> **TASK REQUIREMENTS**: Reproduce the entries that follow exactly. No picture should appear in the result.

> **GIVEN DATA**:
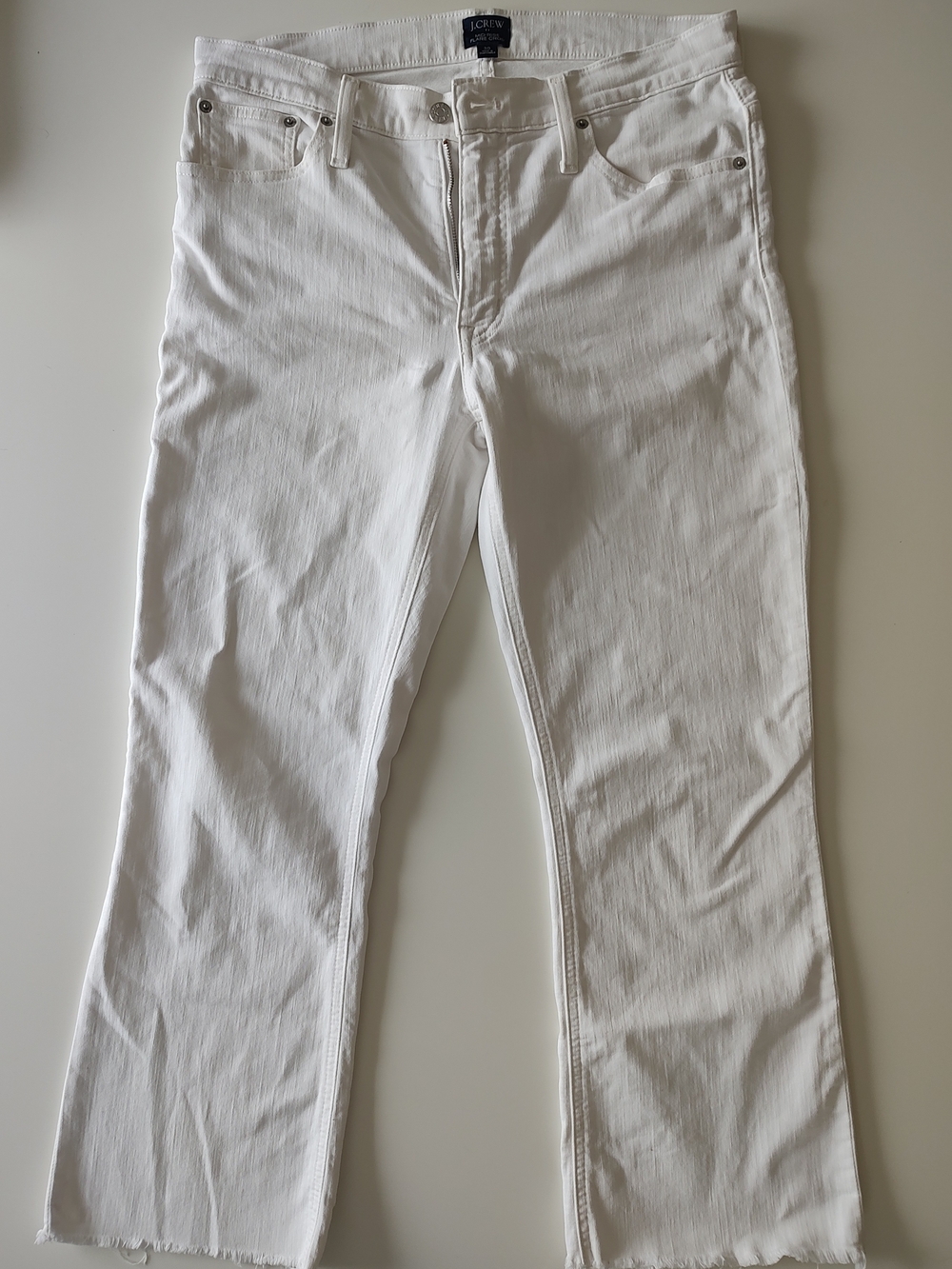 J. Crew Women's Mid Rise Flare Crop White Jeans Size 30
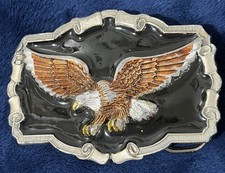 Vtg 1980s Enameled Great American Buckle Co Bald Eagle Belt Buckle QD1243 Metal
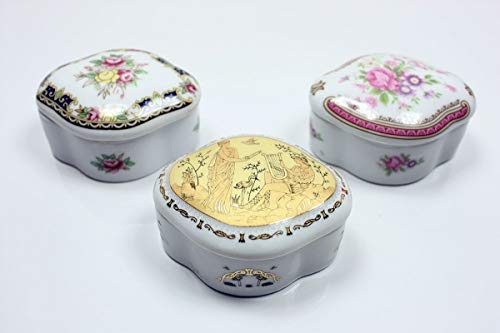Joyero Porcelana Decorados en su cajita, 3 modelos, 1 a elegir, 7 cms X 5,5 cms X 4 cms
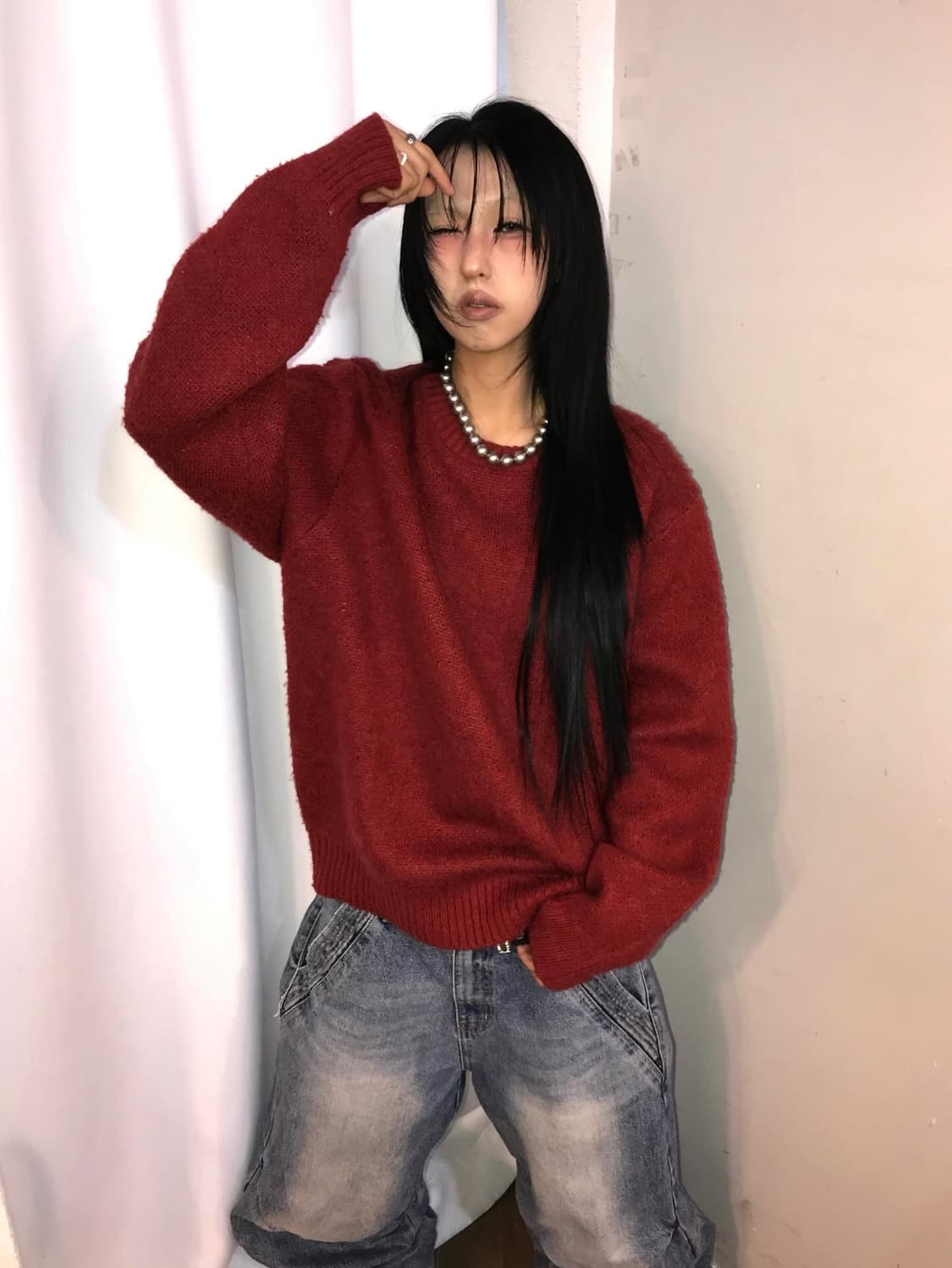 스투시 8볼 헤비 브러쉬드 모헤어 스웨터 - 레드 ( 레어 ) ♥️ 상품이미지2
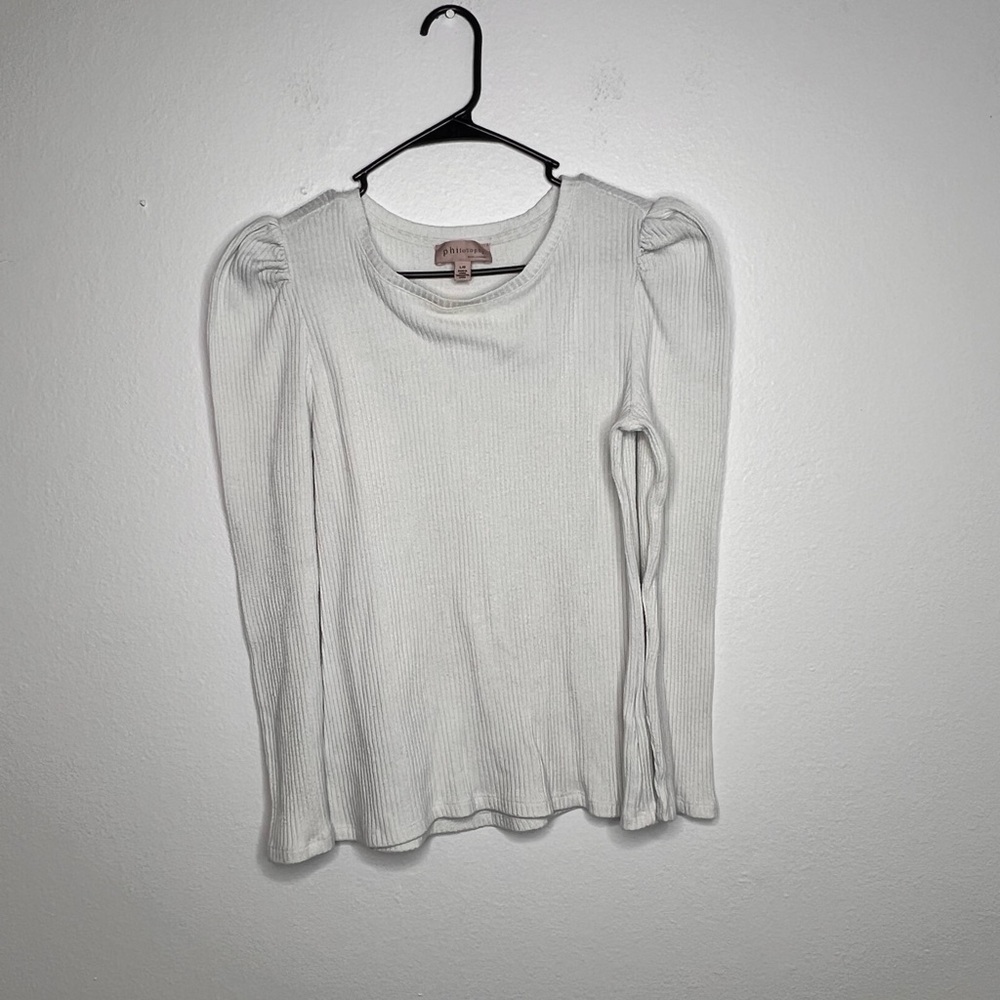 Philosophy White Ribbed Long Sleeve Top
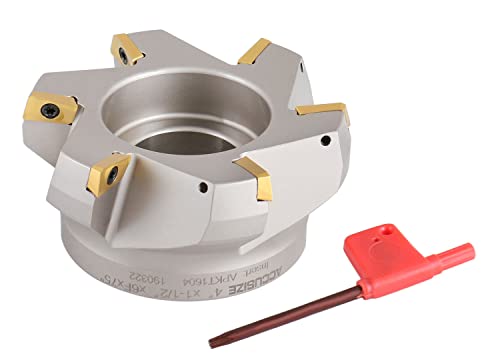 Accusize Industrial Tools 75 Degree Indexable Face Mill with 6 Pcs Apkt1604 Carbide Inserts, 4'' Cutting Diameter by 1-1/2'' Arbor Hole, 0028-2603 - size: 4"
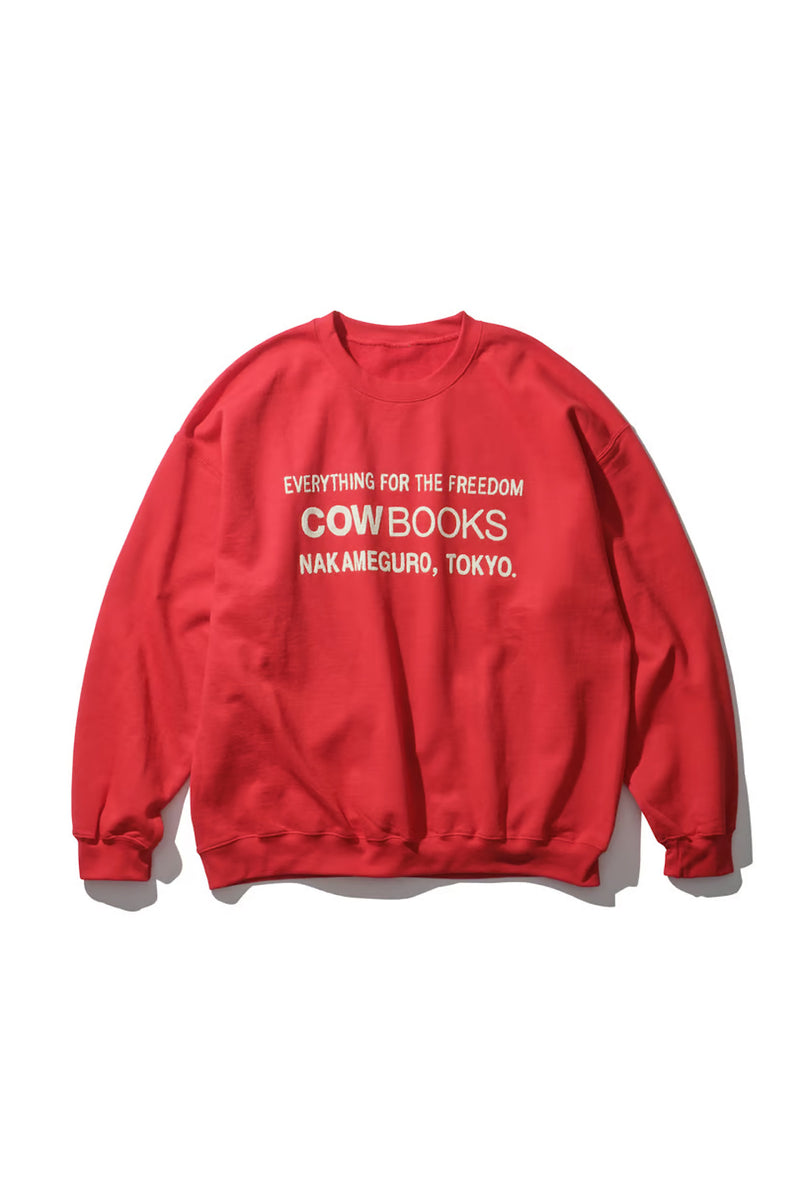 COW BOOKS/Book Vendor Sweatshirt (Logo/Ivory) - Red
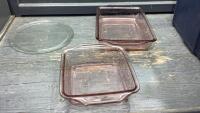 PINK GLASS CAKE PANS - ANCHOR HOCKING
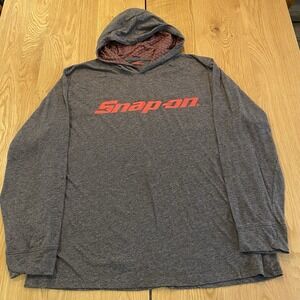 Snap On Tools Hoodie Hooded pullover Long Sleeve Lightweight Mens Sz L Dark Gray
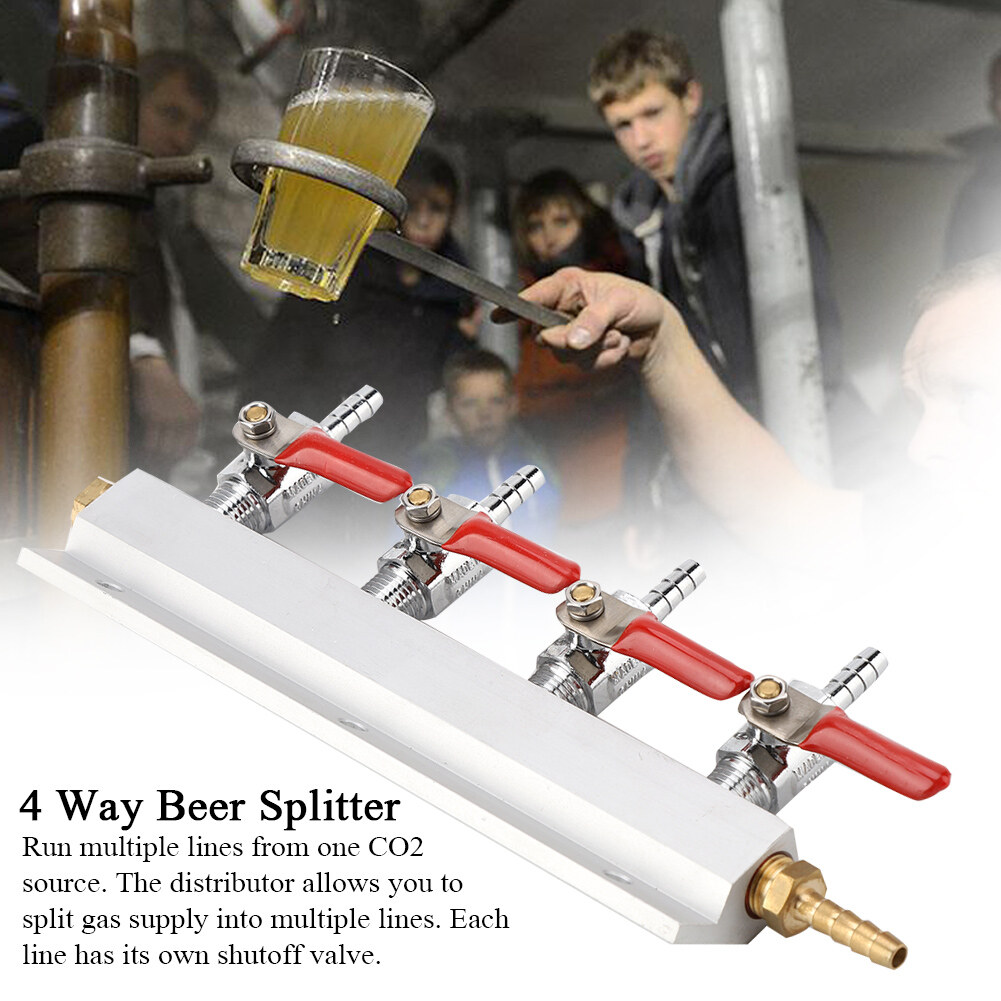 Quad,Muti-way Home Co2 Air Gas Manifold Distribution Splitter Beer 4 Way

> **SOLUTION FOR THIS TASK**:
 J. Crew Women's Mid Rise Flare Crop White Jeans Size 30
 Vtg 1980s Enameled Great American Buckle Co Bald Eagle Belt Buckle QD1243 Metal
Joyero Porcelana Decorados en su cajita, 3 modelos, 1 a elegir, 7 cms X 5,5 cms X 4 cms
 스투시 8볼 헤비 브러쉬드 모헤어 스웨터 - 레드 ( 레어 ) ♥️ 상품이미지2
 Philosophy White Ribbed Long Sleeve Top
 Accusize Industrial Tools 75 Degree Indexable Face Mill with 6 Pcs Apkt1604 Carbide Inserts, 4'' Cutting Diameter by 1-1/2'' Arbor Hole, 0028-2603 - size: 4"
 COW BOOKS/Book Vendor Sweatshirt (Logo/Ivory) - Red
 PINK GLASS CAKE PANS - ANCHOR HOCKING
 Snap On Tools Hoodie Hooded pullover Long Sleeve Lightweight Mens Sz L Dark Gray
 Quad,Muti-way Home Co2 Air Gas Manifold Distribution Splitter Beer 4 Way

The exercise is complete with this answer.